> **Action item**:
The lines below starting at the line containing "5 Piece Patio" and ending at the line containing "Canada Dry Ginger" are to be repeated exactly, with both ends kept and nothing else added.

─── Record extracts

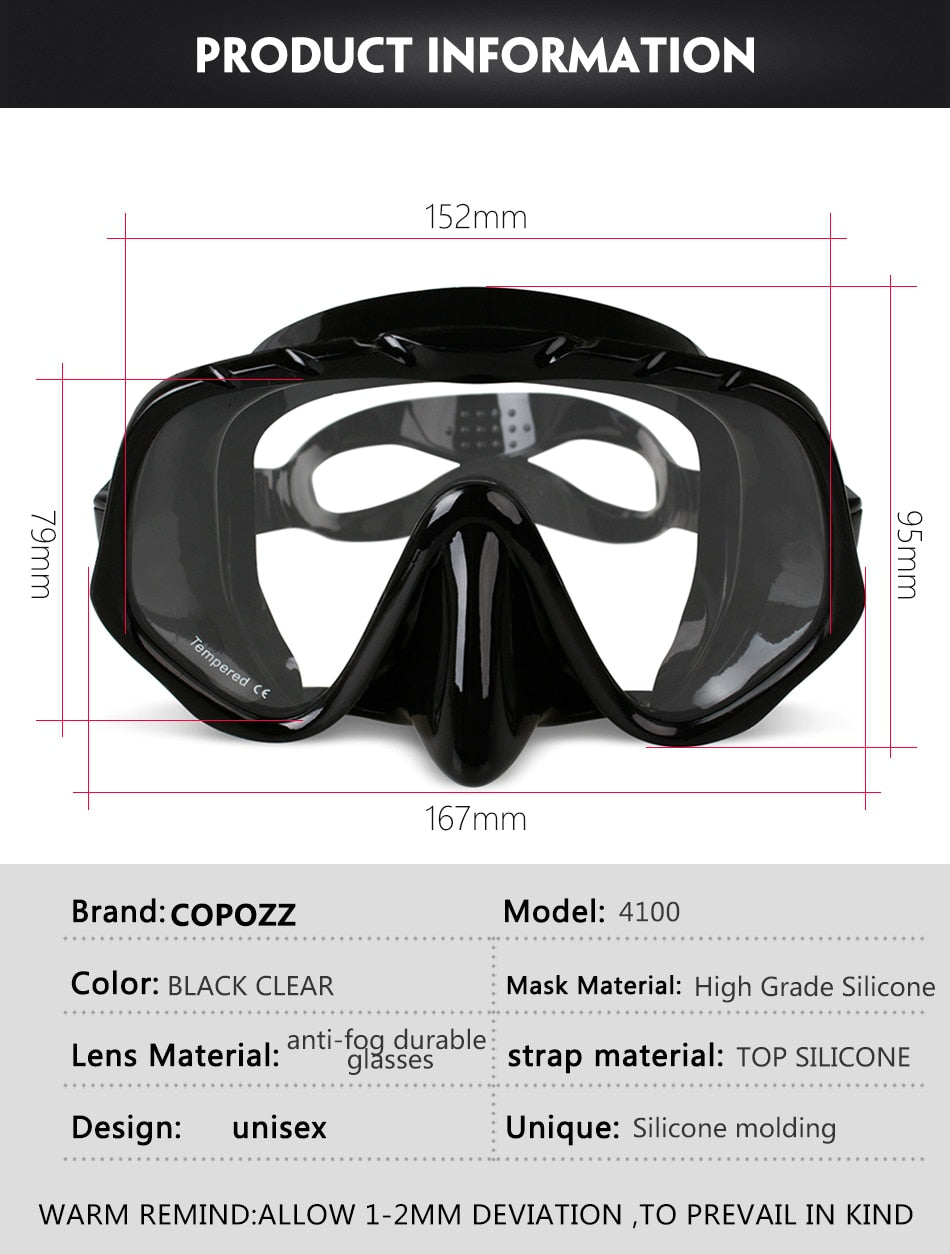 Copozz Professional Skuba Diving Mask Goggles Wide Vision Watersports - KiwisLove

──────
─── Record extracts

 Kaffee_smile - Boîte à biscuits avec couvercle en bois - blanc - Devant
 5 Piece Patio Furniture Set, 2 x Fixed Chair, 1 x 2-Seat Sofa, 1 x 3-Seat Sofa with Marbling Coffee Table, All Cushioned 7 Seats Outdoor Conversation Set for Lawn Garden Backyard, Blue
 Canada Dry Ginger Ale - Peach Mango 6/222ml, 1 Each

──────
─── Record extracts

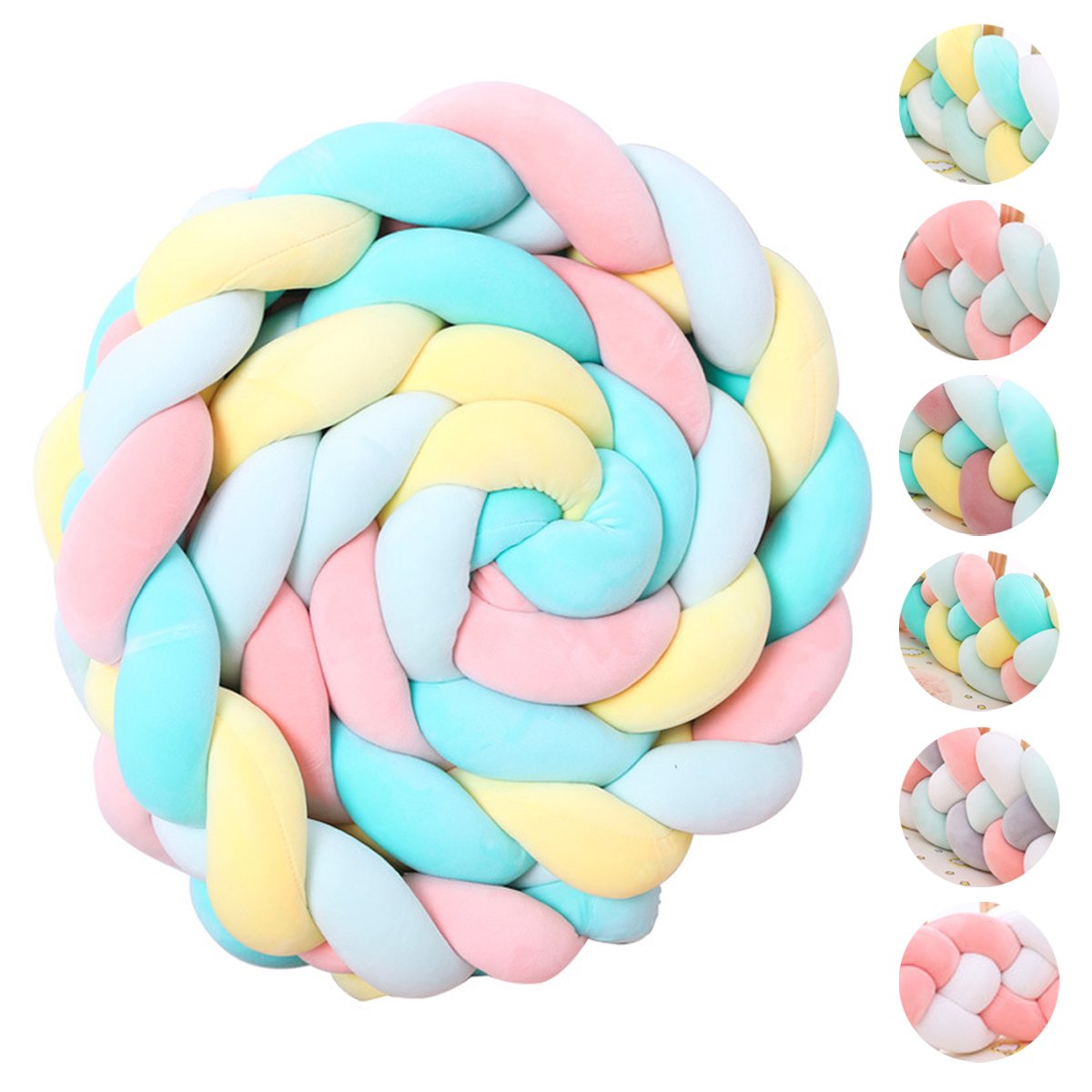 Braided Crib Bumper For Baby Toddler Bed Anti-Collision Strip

──────

> **Problem solution**:
 5 Piece Patio Furniture Set, 2 x Fixed Chair, 1 x 2-Seat Sofa, 1 x 3-Seat Sofa with Marbling Coffee Table, All Cushioned 7 Seats Outdoor Conversation Set for Lawn Garden Backyard, Blue
 Canada Dry Ginger Ale - Peach Mango 6/222ml, 1 Each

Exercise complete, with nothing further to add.